There are various tests to benchmark all sorts of devices, especially hard disks, but not all of them are capable of dealing with removable drives, despite their omnipresence. Check Flash is not only built specifically for removable storage devices but it can also be run from such a portable device without leaving any trace in the operating system.
Flash Check is a freebie built to help you test and format flash drives with the utmost ease. It is designed for maintenance operations as well. The interface is a simple and straight to the point one that does not feature bells and whistles, but only essential test options. There is a single window available, which provides all the test-related settings while presenting the drive map, log and verification progress.
The application is capable of running both read and write tests in order to determine the speed performance of the device and its health. All of the options are wrapped up in a simple interface that does not hinder you with any bells and whistles.
Check Flash presents the settings in the right part of the screen in four different sections covering Access type, Action type, Test length and Test results. Of course, there is a section that lets you choose the flash drive to be evaluated and which features a refresh button, thus allowing adding multiple removable drives without having to restart the program.
The way the read/write tests are performed and the list of options available for the operation are set according to the way you provide access to the flash drive. You can choose between using a temporary file, access it as a logical drive or as physical device. The differences between these three types of drive access consist in the safety level of the procedure and the number of options enabled.

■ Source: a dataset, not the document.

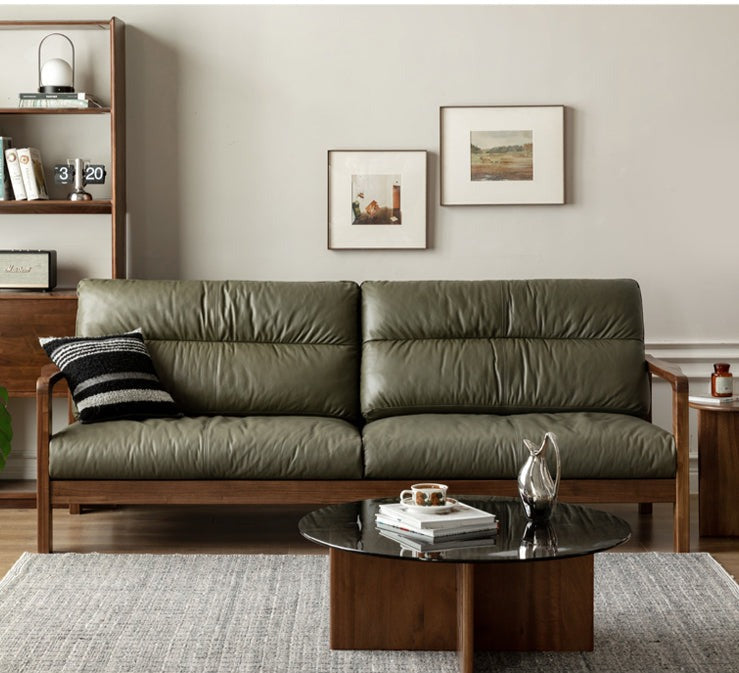 Premium Black Walnut Solid Wood Leather Sofa - Modern Luxury Living Room Furniture for Home & Office (Perfect for Lounging, Entertaining & Relaxing)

Using a temporary file for the test gives you a minimum of features but, on the other hand, it is totally safe for the evaluated device. Treating the flash as a logical drive will give Flash Check access on partition level and is the second safest alternative to use; plus more options will become available under the “Action type” section.

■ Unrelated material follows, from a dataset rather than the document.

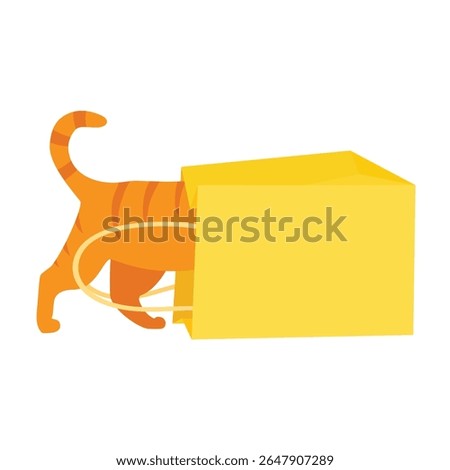 Ginger cat play with yellow paper shopping bag. Cat pushing head into paper bag. Kitten misbehaving and playing around, crazy funny fluffy kitten. Isolated on white background. Vector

The most unsafe method to test the removable storage device is to treat it as a physical device during the evaluation. This method is not recommended as it is unsafe for all the partitions present on the selected device but, on the other hand, you benefit from the full set of features in the software.
In “Action type” you get to choose between six procedures to test the removable device, all of which being available depending on the access type specified. The list of options includes read stability test (reads all data a few times and verifies the CRC given on first pass), low-level initialization (available only if you treat the flash as a physical device), which lets you edit the partition information of the selected device, save image (saves full binary image of the chosen partition or device), load image (writes a previously saved binary image) and full erase (effaces all of the drive's surface).
I left the read and write test with the possibility of using a small or full pattern set (2 respectively 18 patterns) last because it is a special procedure that involves destroying all the data on the device without the possibility of recovering it.
For 50% of the presented actions several tests can be performed, continuously or until you decide to stop the assessment. All options in the “Test length” section are pretty clear, but “Burn it!” is the one that is not self-explanatory. It actually sets a loop in the testing that requires your intervention to stop.
In the lower part of the screen the test results are displayed: number of completed cycles, error found, read and write speed. Also, there is a progress bar to give you a hint on the completion of the operation. Unfortunately, the application cannot estimate the finish time. Left hand side of the application window shows the drive map, log and legend.
Check Flash supplies a fat set of features to test your flash disk and see exactly how fast it can read and write data. It is portable and flexible enough to let you choose from three different drive access methods as well as select between six tests to be performed and how many times to repeat them. However, there are some mischiefs such as lack of completion time estimation or, in case there are errors, showing you what the error exactly consists in. On the bright side, it is a very handy instrument that can help you detect the fake flash memory drives.
All the options are presented in a single, easy to use interface that also displays the log and drive map. The application can test flash disks for both read stability test and read/write performance.
It provides three different methods for accessing the flash drive and you can set how many times a test should be performed. Information on the evaluation is as clear as can be.
There is no time estimation on completing the test. The application does not provide any details should any error occur.
Although Check Flash pops up messages when you try to test the flash with an unsafe method, the option should be highlighted to alert users of its potentially damaging actions from the beginning.
The lack of a help file might discourage some from using it, although the tooltip on each option is pretty clear on its effect.
Check Flash proved to be a comfortable tool for examining the speediness of a flash disk by providing useful information on its read and write capabilities.
It is easy to use despite the fact that there is no help file to guide you through every option available. On the downside, the lack of a time estimation for the running operation and not showing the user what it's all about when encountering an error cause the app to lose value.
But looking at the sunny side of the application, it caused no trouble during our testing and did its job properly.